Он не станет сопротивляться, подошло, видно, время умирать — и огромная жалость к себе, мысль о том, какое зрелище он должен являть собой, потрясла, поразила его. Он заплакал; потом вытер слезы, и к нему незаметно подступили безоблачные воспоминанья о далеком прошлом. Вот мальчик в Тетфорде бредет по цветущему склону холма. Мэй Адамс, девочка с длинными косами, обогнав его, первой вбежала в развалины замка, увитые диким виноградом, и упала, и разбила колено, а он вылизал из ранки грязь и поцеловал девочку. Нехорошо, сказала она, и на его вопрос почему лишь повторила — нехорошо, грех; и все же сделалась его подружкой, и об этом никто не знал. Но в скором времени она умерла от оспы, и он хранил свое горе молча, только работал как проклятый — сидел и шил корсет для Дженни Литертон, не отрываясь, не вставая даже, чтобы поесть, а отец похваливал его:
— Вот молодец парень, работник, не лоботряс, как раньше.
Все это было и ушло; теперь уходил он сам, потому что Франклину вздумалось заслать его в Америку.
Корабль, пораженный лихорадкой, очень быстро оказался в центре внимания; суток не прошло с тех пор, как судно ошвартовалось в Филадельфии, а уж полгорода побывало в порту поглядеть на него. Ходили слухи, будто за девять недель в море сброшено пять мертвецов, хотя по виду на борту все было в порядке; больные, выздоравливающие, изнуренные пассажиры нетвердыми шагами сходили на берег, и каждый рассказывал жуткую повесть на свой лад. Кто-то вспомнил, что в лазарете лежит мужчина с рекомендательным письмом от Франклина, и доктор Кирсли — который пытался основать в великом городе Америки свою практику и находил это непростой задачей — почуял гонорар.
— А имя его известно?
— Пейн, по-моему.
— И вы видели письмо? — осторожно спросил Кирсли.
— Да нет, слышал только.
— А вы? — спросил Кирсли у другого.
— И я не видал.
Гонорар — это одно дело, но подниматься на борт зараженного судна за так ни один врач не обязан.
— Он что, прибыл в трюме?
— В каюте.
Трюм был битком набит завербованной прислугой, среди этого люда и вспыхнула болезнь, и капитан, едва только начав передвигаться, договаривался уже об их продаже с двумя богатыми филадельфийскими купцами.

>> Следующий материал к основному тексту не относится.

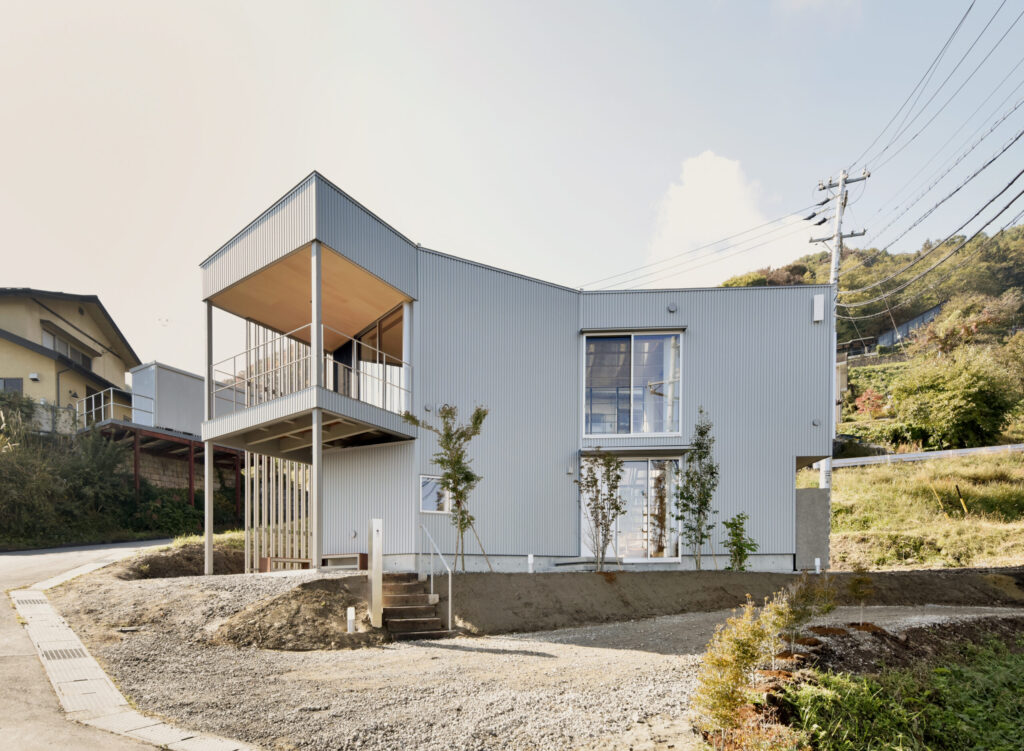 田毎の月で有名な姨捨の棚田の絶景と市街地のコントラストが美しい眺望を織りなす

— Ну что же, долг есть долг, — сказал доктор и направился на палубу.
Тяжек показался ему этот долг, когда он спустился в вонючий лазарет и, натыкаясь на тела, чертыхаясь, принялся, перекрывая стоны, выкликать господина Пейна.

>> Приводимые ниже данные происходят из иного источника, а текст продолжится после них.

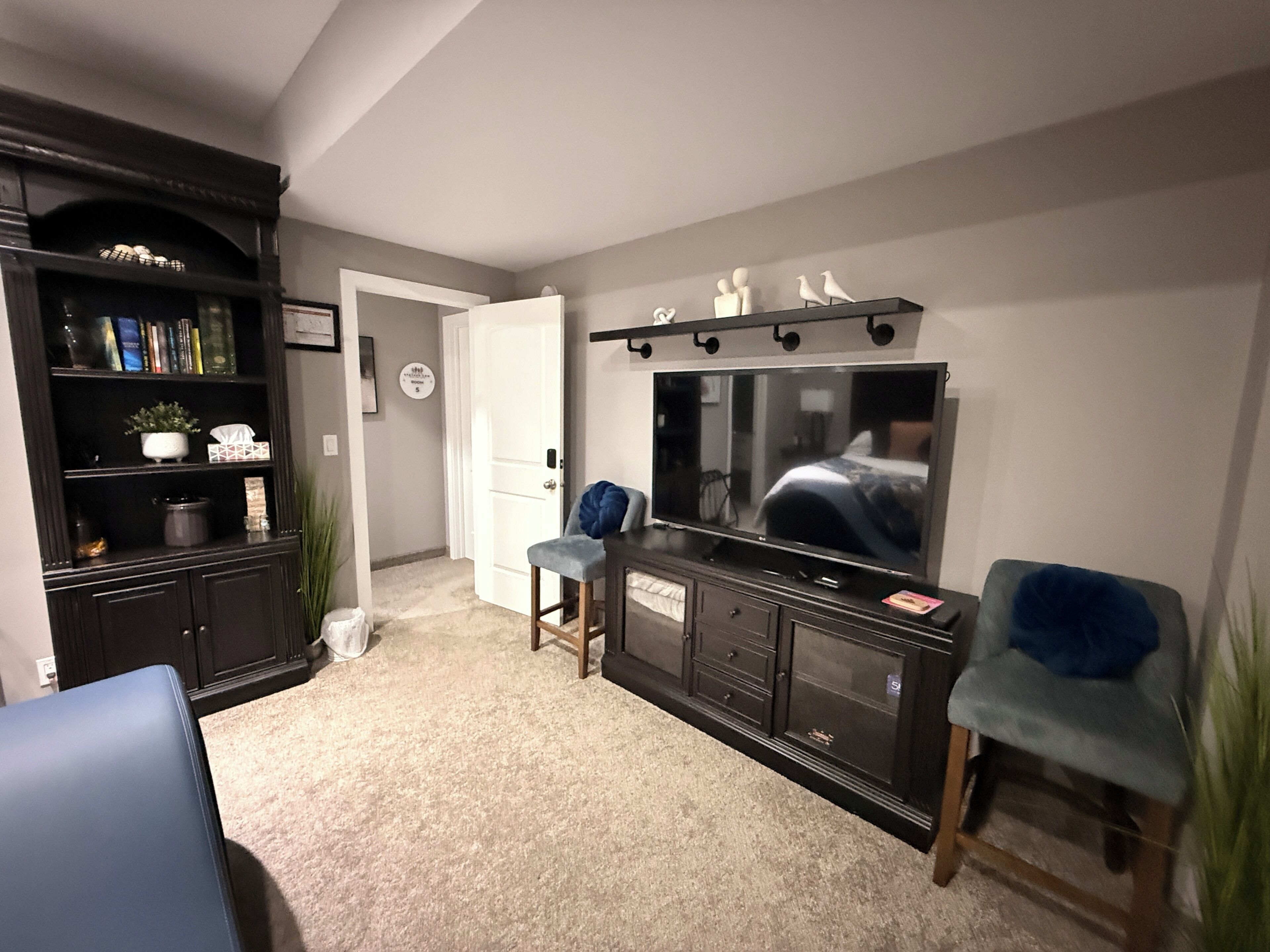 Habitación de lujo | Ropa de cama de alta calidad y colchones con acolchado adicional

Господин Пейн отозвался. Доктор держал свечу, пламя ее колебалось и мигало в спертом воздухе, но и со свечой отыскать Тома Пейна оказалось трудновато, а когда доктор, наконец, нашел его, то подумал, что и трудиться не стоило. Те же лохмотья, что у всех, запущенная борода, грязи, пожалуй, наросло даже больше, а в целом — отвратительный клубок страданий и рваного тряпья, который шепотом попросил врача уйти и дать ему умереть спокойно.